Tarihte Doğu ve Batı ayrımının, ilk kez 2000 yıldan daha fazla zaman önce antik Yunanlılar tarafından “Yunanlılar ve diğerleri” (yani barbarlar) şeklindeki kültürel ayrıma kadar dayandığını ifade eden görüşler olduğu gibi, bu ayrımın Roma İmparatorluğu’nun Doğu ve Batı olarak ikiye bölünmesiyle başladığını söyleyenler de bulunmaktadır. Buna göre, Roma Devleti’nin bölünmesinden sonra Batılı Katoliklerin kendilerini Doğulu Ortodokslardan farklı görmeleri, bu yönlere ideolojik anlamlar verilmesinin ilk başlangıcını oluşturmuştur. Zaman içerisinde Doğu Roma İmparatorluğu’nun Türkler tarafından fethedilmesiyle Batı parçasında kalanlar, öteki olarak Doğulu Ortodoksları ya da Yunanlıları değil bu kez İslam Medeniyeti’ni görmeye başlamışlardır.

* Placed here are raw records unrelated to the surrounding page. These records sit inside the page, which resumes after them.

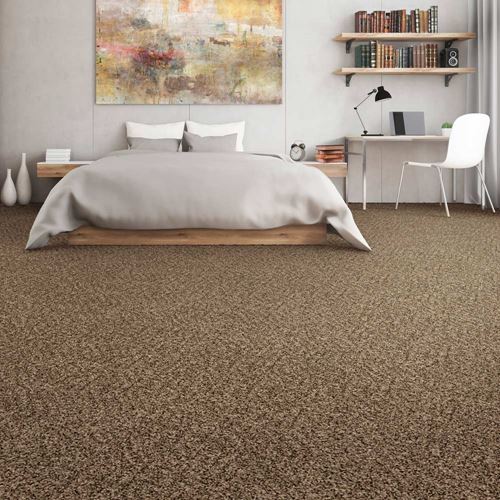 Preston Meadows Plush Carpet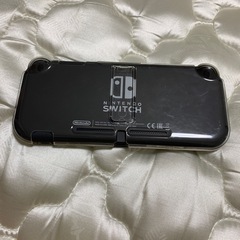Switchライト　グレー(最終値下げ)　の画像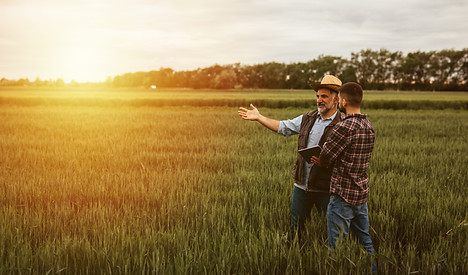 iStock-1357648190.jpg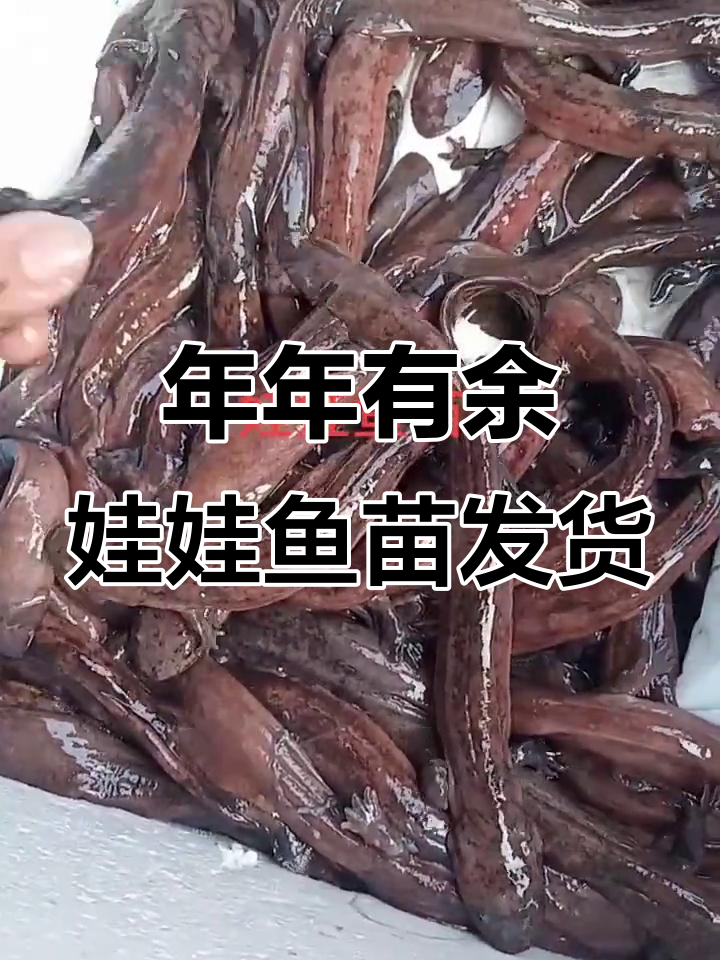 娃娃鱼苗打包发货，祝大家年年有“余”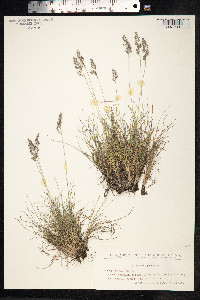 Festuca viviparoidea image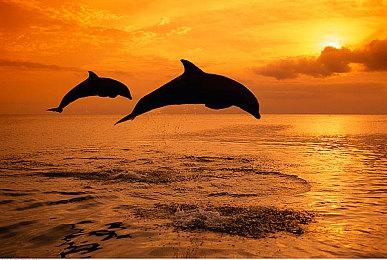 半开放世界动作冒险游戏《卡库远古封印》5月4日开启抢先体验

Yani, batı ve doğu gibi izafi yönlere ideolojik anlamların yüklenmesi Batılılar tarafından inşa edilmiştir. Batı kendisi ve diğerleri arasında yaptığı bu ayırımda Doğu’yu kasıtlı olarak oluşturulmuş mübalağalı bir “öteki” anlayışıyla ve kültürel bakımdan değersiz olarak kodlamıştır. Bu bakış açısına göre; Batı yenilikçi, Doğu taklitçi ve cahil, Batı disiplinli, Doğu ise tembeldir. Bugün bu mübalağalı kurgu, kimi zaman açıkça çoğunlukla üstü örtülü biçimde en şiddetli şekilde devam ettirilmektedir. 

Batı, kendi kimliği ve uygarlığının temeli üzerine kafa yormasını, felsefenin kendilerine bağışlanmış bir hediye olmasına bağlamakta ve kendisi dışında herkesi tarihin dışına itmeye çalışmaktadır. Ne var ki Batılıların Modern çağdaki üstünlüğünü sağlayan tüm teknolojik devrimin kökenleri Doğu’nun bilgeliğinde saklıdır ve bu medeniyetler tarafından geliştirilen teknikler Orta Çağ’dan itibaren Batı’ya aktarılmıştır. Batı geç gelişmiş bir medeniyet olması ve diğer uygarlıklardan edindiği bilgi ve tecrübeleri içselleştirerek geliştirmesi neticesinde kendi içinde bir dönüşüm yaşamıştır. İngiltere’de başlayan Sanayi Devrimi’nin ardından, Batılılar art arda gerçekleştirdikleri devrimlerle dünya üzerinde hegemonya kurmaya yönelmiş ve akabinde, tüm dünyayı medenileştirmek adı altında kendi sömürge düzenlerini inşa etmişlerdir.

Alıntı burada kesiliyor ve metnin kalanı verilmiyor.